- [Goal of the exercise] Each line from the one bearing "entradas tokyo disney" through the last line of the entries below should be returned exactly, with pictures left out.

- [Task data]
---

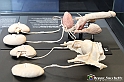 VBS_2590 - Tratto urinario maschile e femminile - Mostra Body Worlds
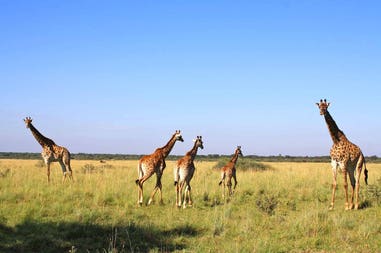 Botswana giraffe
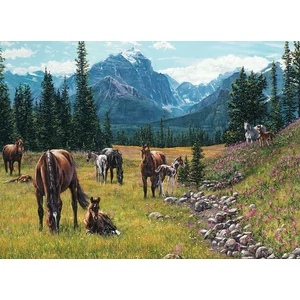 Cobble Hill 40156 - Horse Meadow - 1000 db-os puzzle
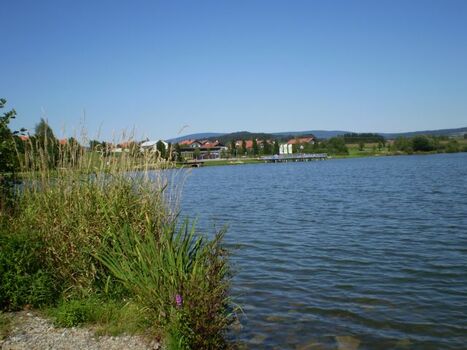 Erlauzwieseler See bei Waldkirchen 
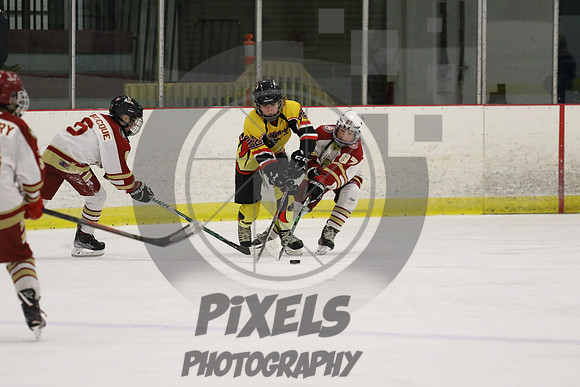 0T2A3415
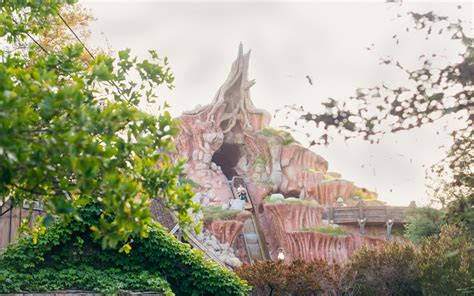 entradas tokyo disney resort acceso  disneyland  disneysea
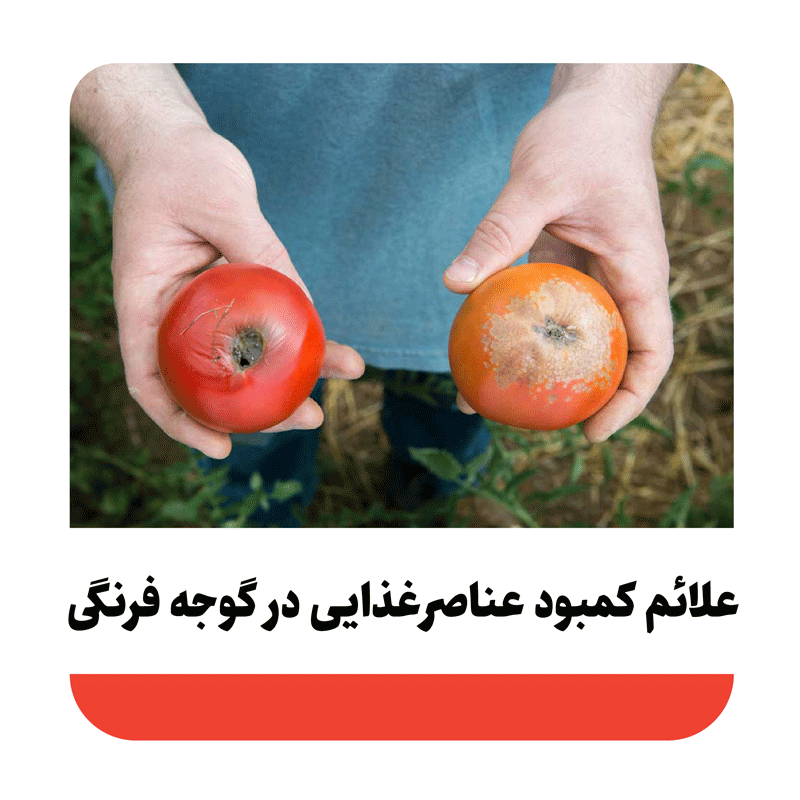 علائم کمبود عناصر غذایی در گیاه گوجه فرنگی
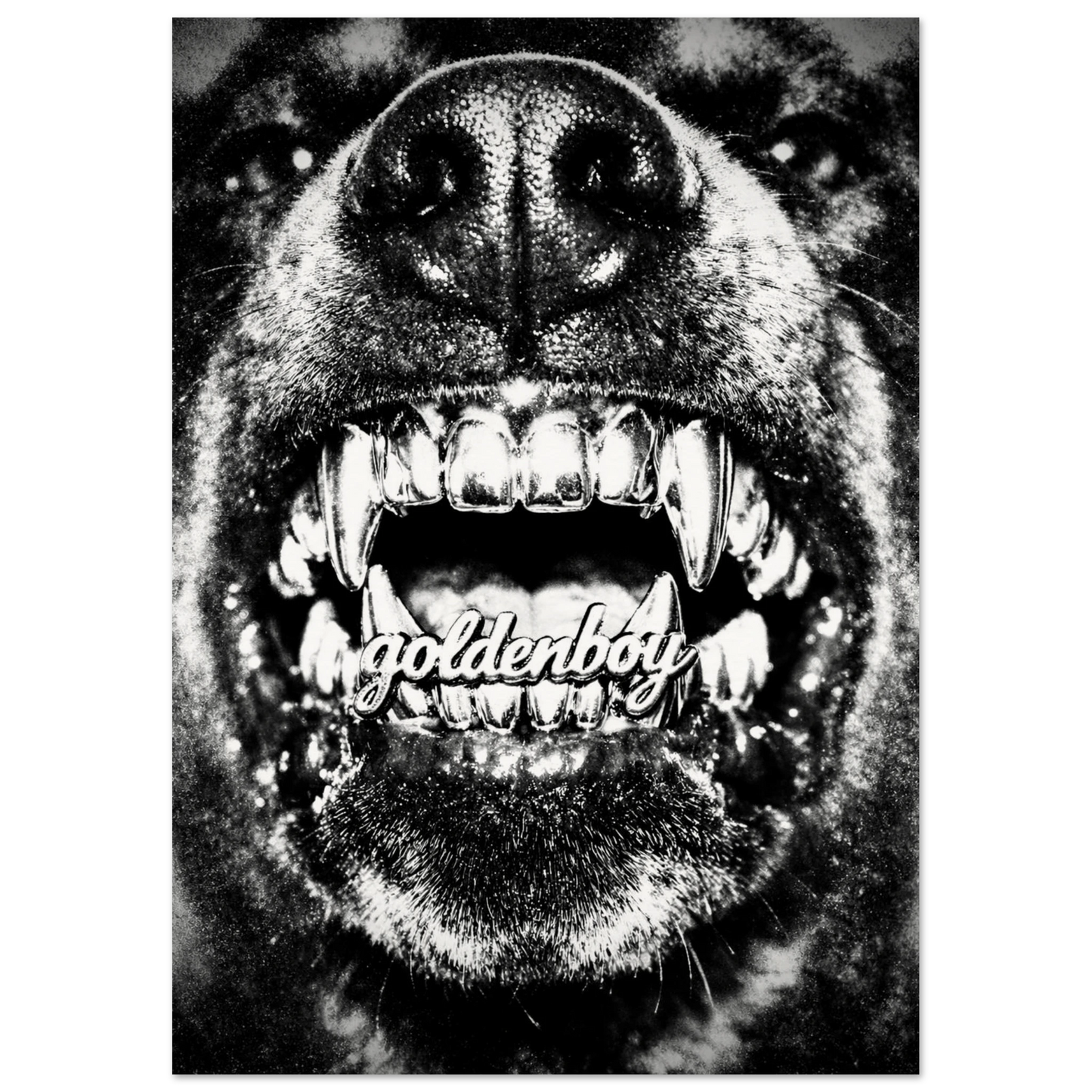 a4c02eae-fed7-497a-8b1e-1d836344b95f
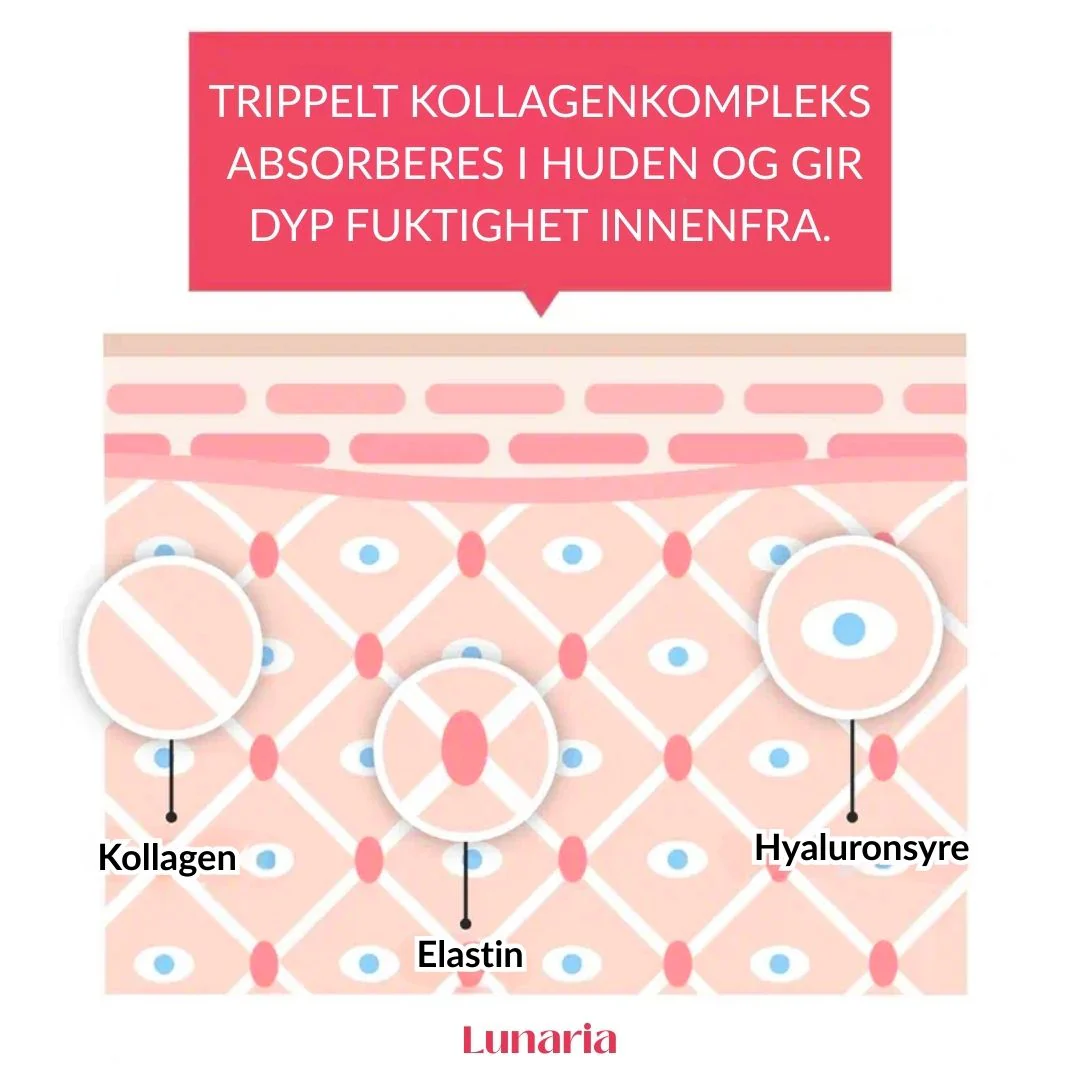 Produktbilde 4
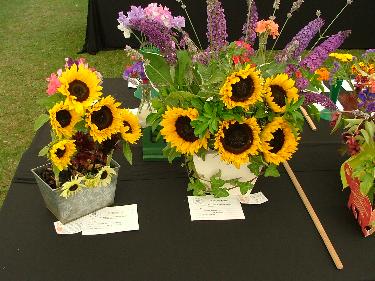 Summer Show - Sunflower floral displays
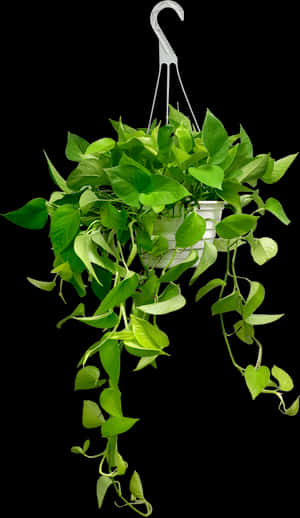 Transparent Hanging Ivy Png - Pothos Hanging Basket, Png Download PNG with transparent background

---

- [Reply]
 entradas tokyo disney resort acceso  disneyland  disneysea
 علائم کمبود عناصر غذایی در گیاه گوجه فرنگی
 a4c02eae-fed7-497a-8b1e-1d836344b95f
 Produktbilde 4
 Summer Show - Sunflower floral displays
 Transparent Hanging Ivy Png - Pothos Hanging Basket, Png Download PNG with transparent background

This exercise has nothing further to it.